В нашем доме он обаял всех. На меня такую волну обаяния напустил, что я покорен был абсолютно. Ведь Юлик первым стал со мной разговаривать как с равным, что всегда подкупает мальчика. Подарил монгольский меч чингисхановских времен, правда, через много лет он его забрал, решив, что меч свою миссию выполнил...
Отец Юлика — Семен Ляндрес был человек известный. Я его хорошо помню — обаятельный, с неизменной сигаретой, сутулый, все понимавший про то, что происходило, и, наверное, очень много давший Юлику в его мироощущении.
Дрался замечательно, потому что до этого занимался боксом. В нашей семье Юлик был мне крайне близок. Он был старше меня на 15 лет и стал в какой-то мере наставником.
Мой брат не интересовался охотой, вообще вся мачевская романтика его не трогала — он музыкой занимался, в консерватории учился.

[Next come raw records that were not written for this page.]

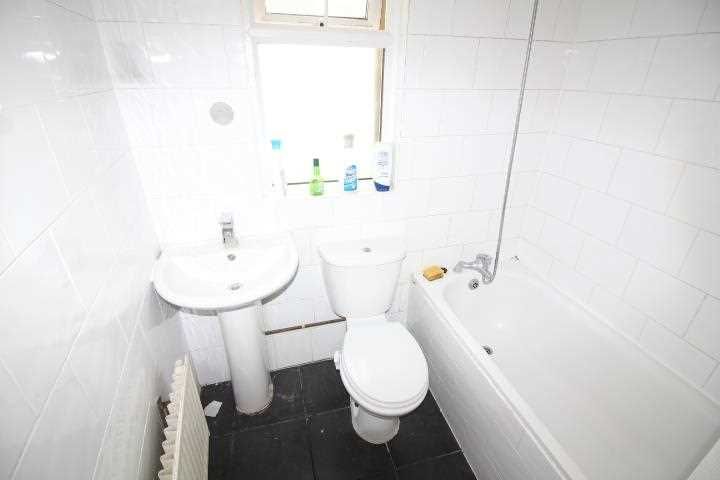 2 bed flat for sale in Katherine Road, Forest Gate E7, £260,000
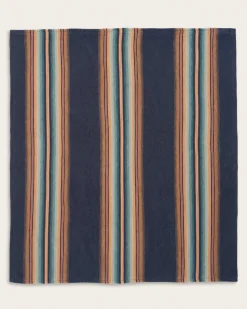 WYETH FALLS/STRIPE ORGANIC COTTON THROW GIFT PACK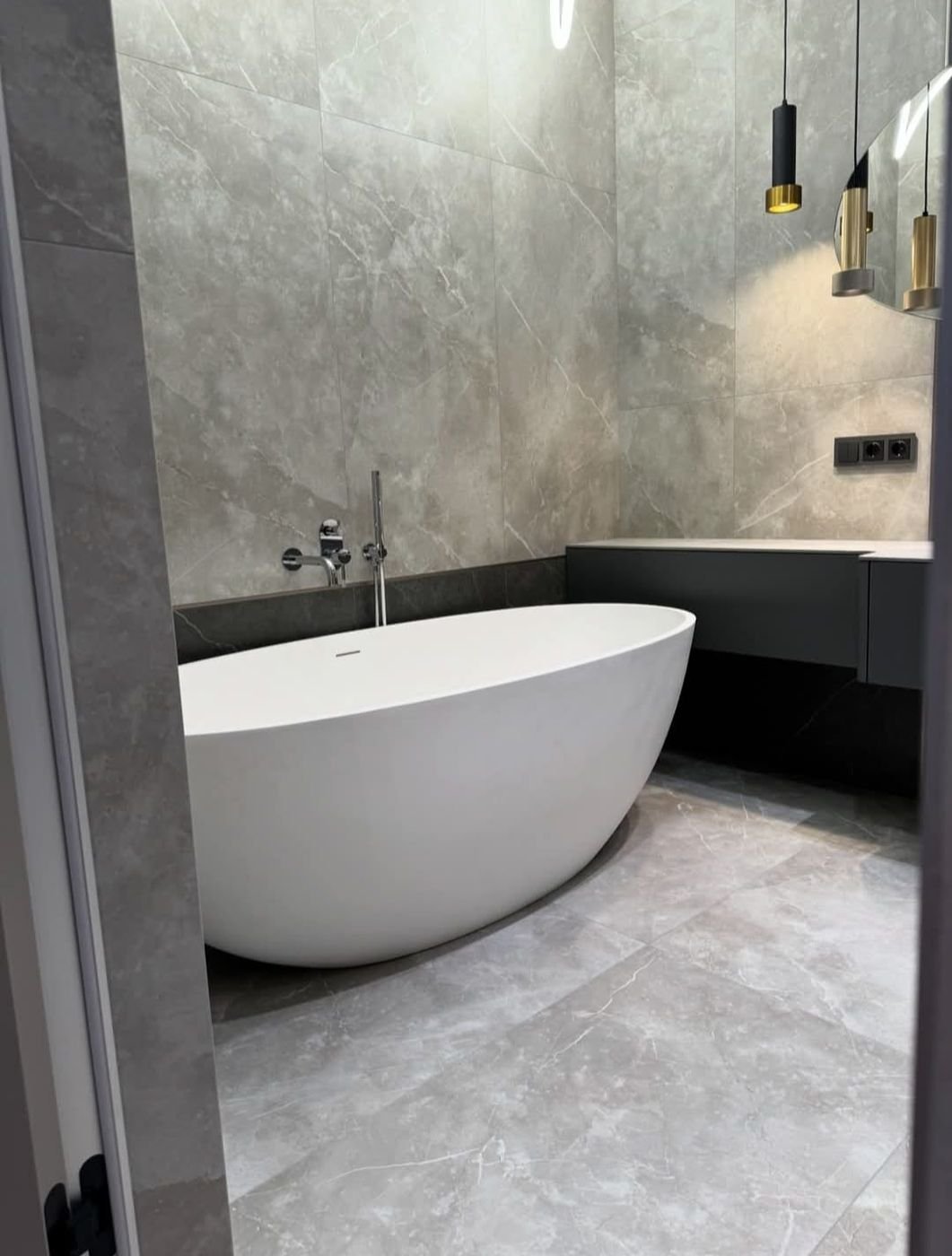 Bagno con vasca freestanding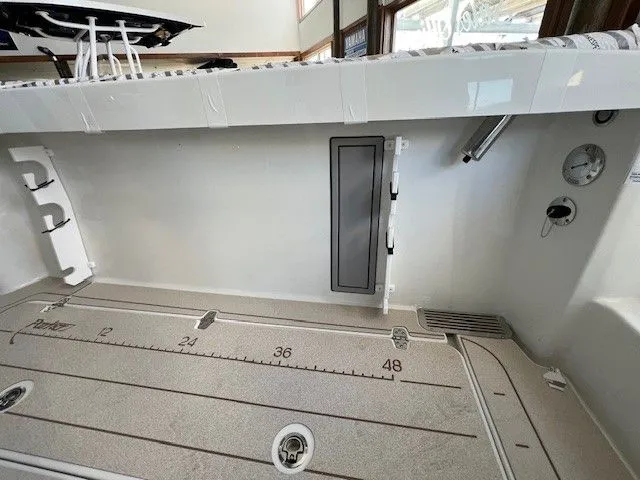 Slide: The Image of Parker Marine 2600 Center Console 2025 - 23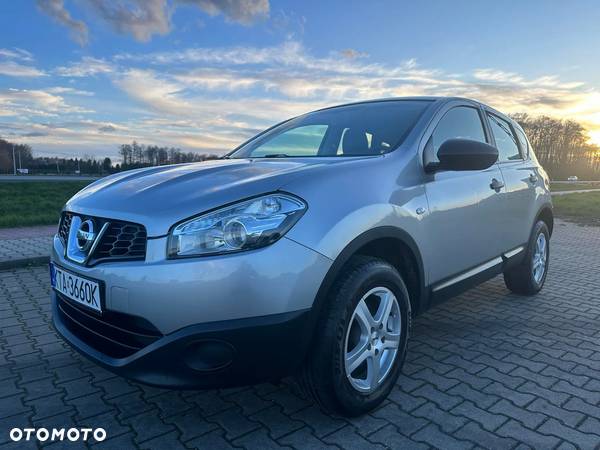 Nissan Qashqai 1.6 visia - 1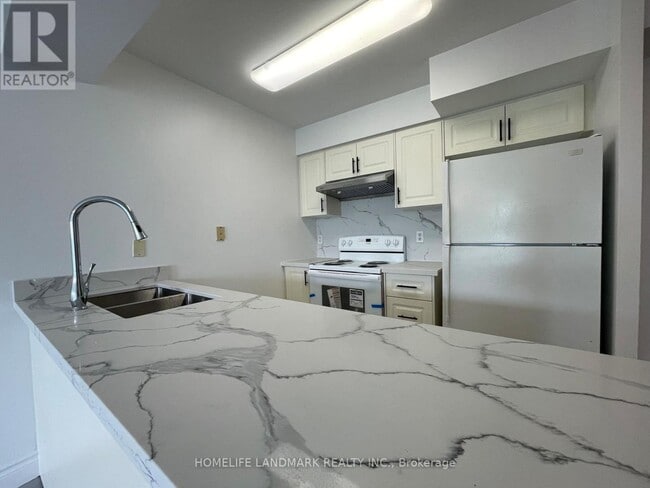 Building Photo - 28-628 Empress Ave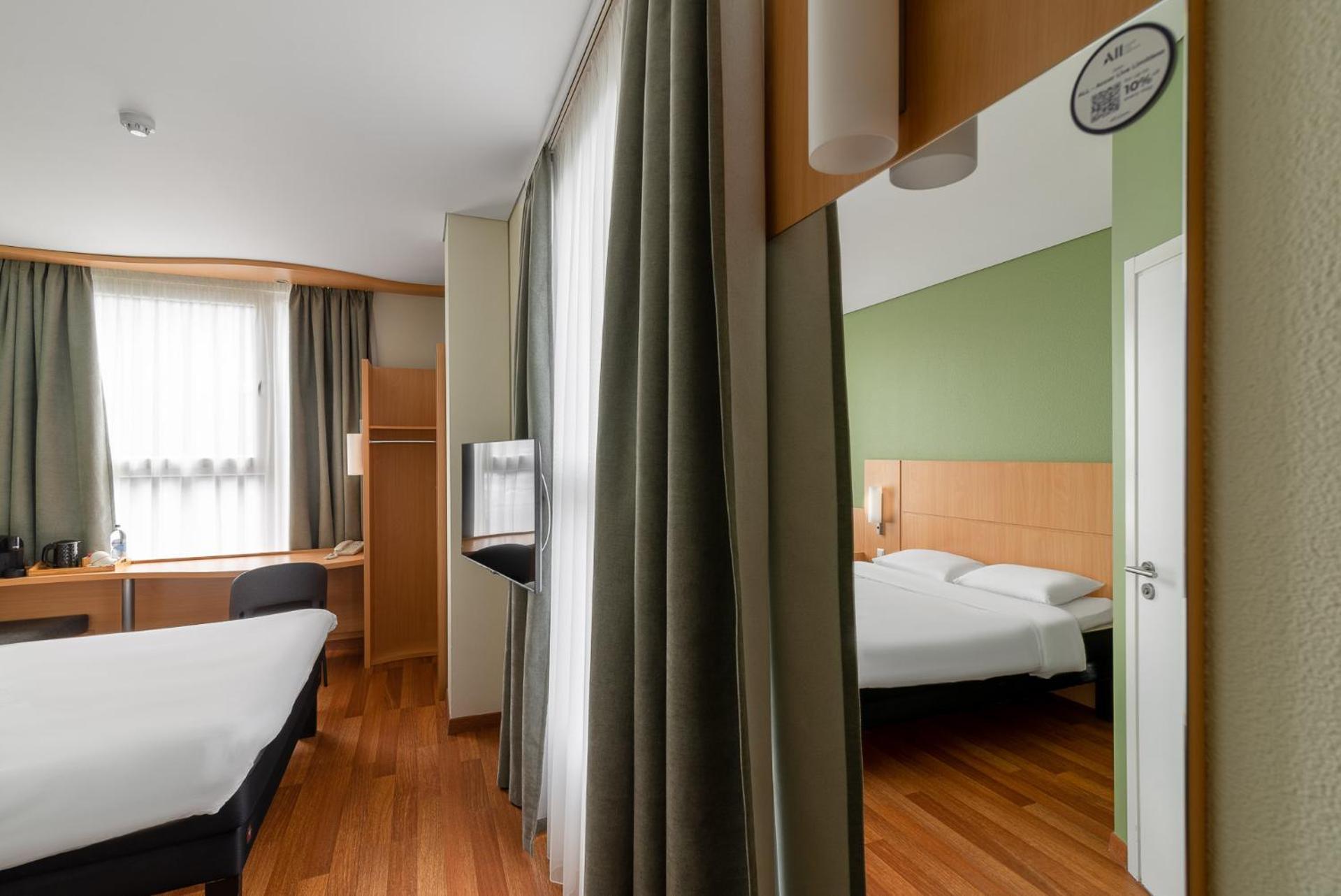 Ibis Kaunas Centre Dış mekan fotoğraf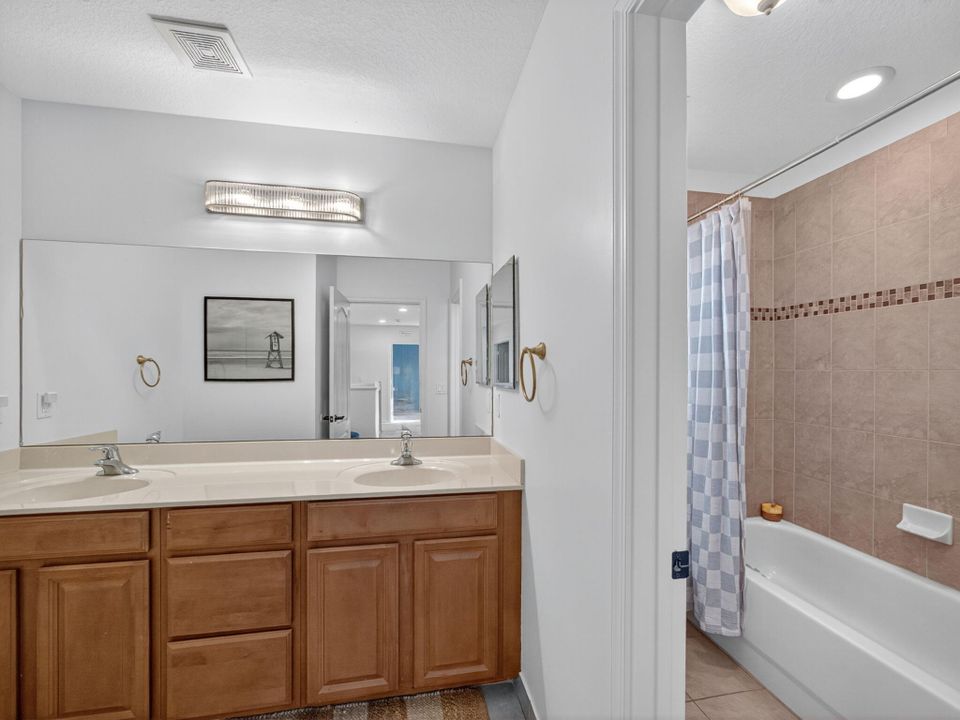 For Sale: $825,000 (4 beds, 2 baths, 3006 Square Feet)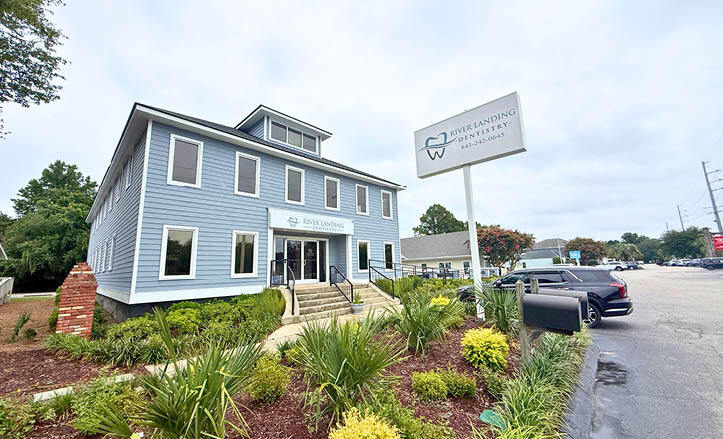 790 Johnnie Dodds Blvd, Mount Pleasant, SC for lease - Building Photo - Image 1 of 8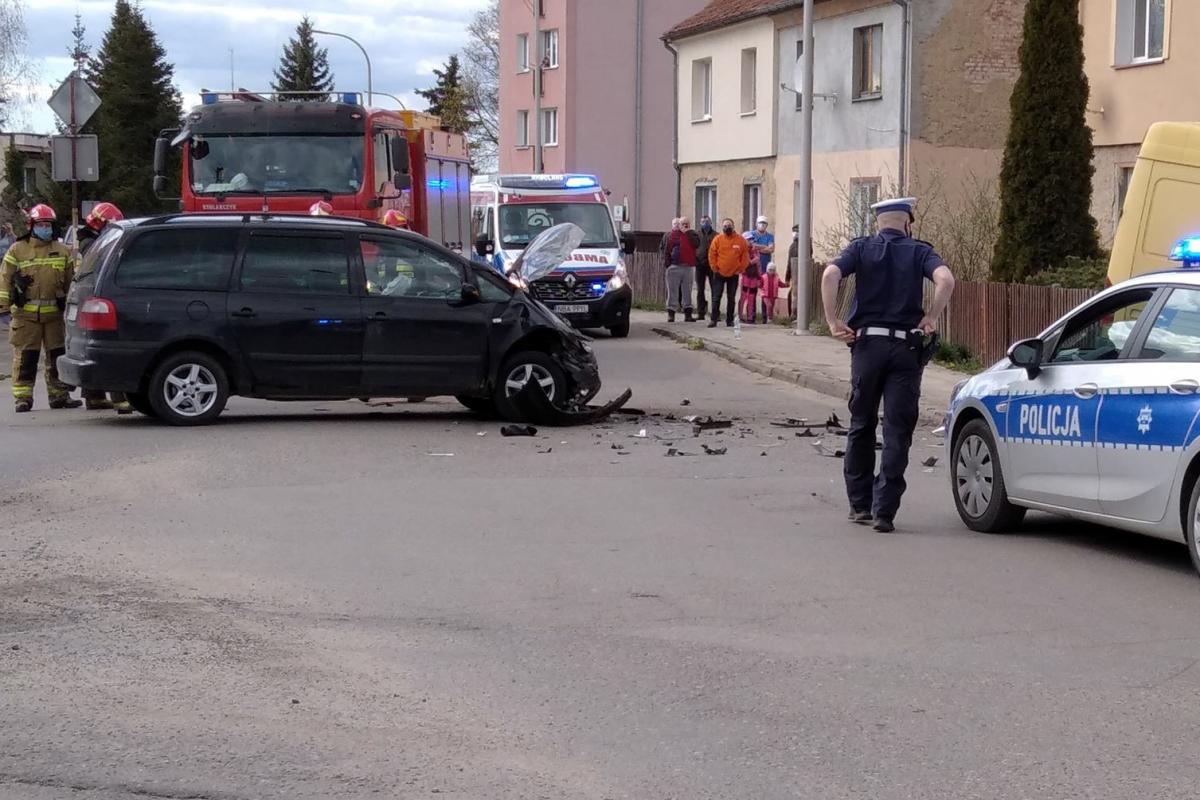 Bartoszyce. Zderzenie dwóch aut na skrzyżowaniu ul. Słowackiego i Mickiewicza [ZDJĘCIA]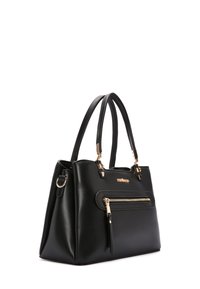 Borsa a tracolla nera in sintetico con due manici, tasca anteriore con zip, hardware in tonalità oro e forma rettangolare strutturata.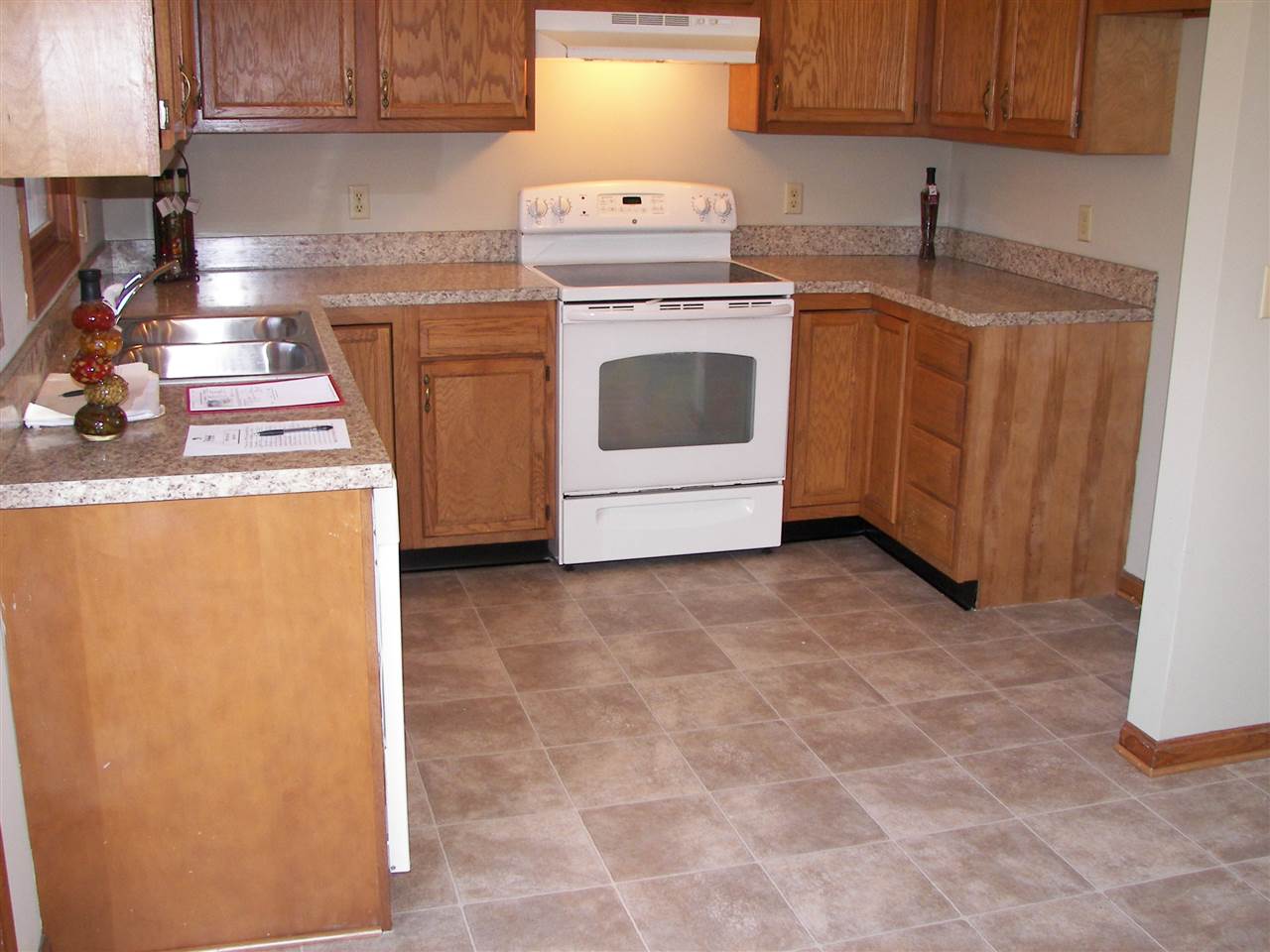 7444 Meridian Ave, Evansville, IN 47715 photo 2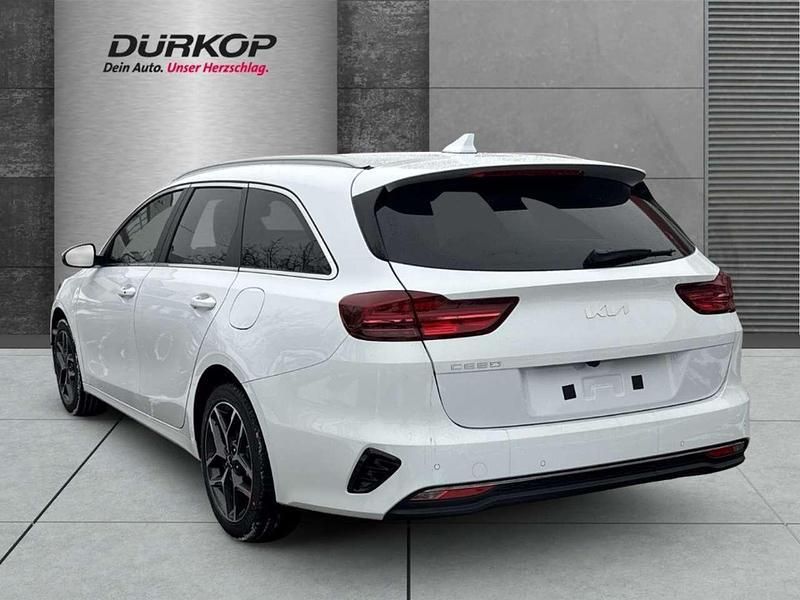 Neu Kia Ceed Sportswagon Style 140 PS (102 kW) 2025 (wd) casa white s Kombi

А мне все это было безумно интересно, и Юлик брал меня с собой на охоту. В определенном смысле я видел в Юлике защиту для себя. И он, действительно, оказывался моей защитой в разного рода напастях — защищал перед мамой, перед Катей, перед отцом и братом.
Вообще в конфликтах, возникавших в нашей семье между мной и братом, мной и мамой, мамой и папой, Юлик всегда оказывался частью позитивного, сращивающего материала.
Именно поэтому мама его очень любила. У них были похожие темпераменты. Она тоже взрывная и быстро отходчивая.
Еще они были очень похожи фантастической работоспособностью — все, что начинали, всегда доводили до конца. Он называл ее Таточка — она разрешала ему обращаться к ней по имени.
Она его — Юлочка. И это было абсолютно органично. В конце пятидесятых они вместе ездили в Китай, оттуда привезли книжку. И позднее, в его конфликтах с Катей, мама не безоговорочно принимала ее сторону.
Юлиан был чрезвычайно начитан, замечательно знал западную литературу.
Он, Примаков, Бовин — это была одна компания ребят-международников. Новое поколение, знавшее все, что было, и вдруг получившее возможность говорить о том, что они знают, открыто.
Они этим пользовались и сыграли громадную роль в становлении характера многих молодых, в том числе и моего характера.
В первые годы нашего общения Юлиан мне очень много дал. Просто мужской закваски какой-то. Он же споспешествовал тому, чтобы меня перестали мучить музыкой. Ведь меня заставляли играть по пять часов в день, били мокрым полотенцем по рукам.
Юлик вообще внес совершенно новую струю воспитания в наш дом — мужскую, с определенными вескими поступками и культурой отказа.
Именно высокую культуру отказа, когда говоришь «Нет, я не буду этого делать. Я буду делать другое». В этом смысле он был очень яркий человек. Вообще он был планета определенная. Попадая в любую компанию, моментально становился магнитом для всех — фонтанировал рассказами, отличался острым юмором.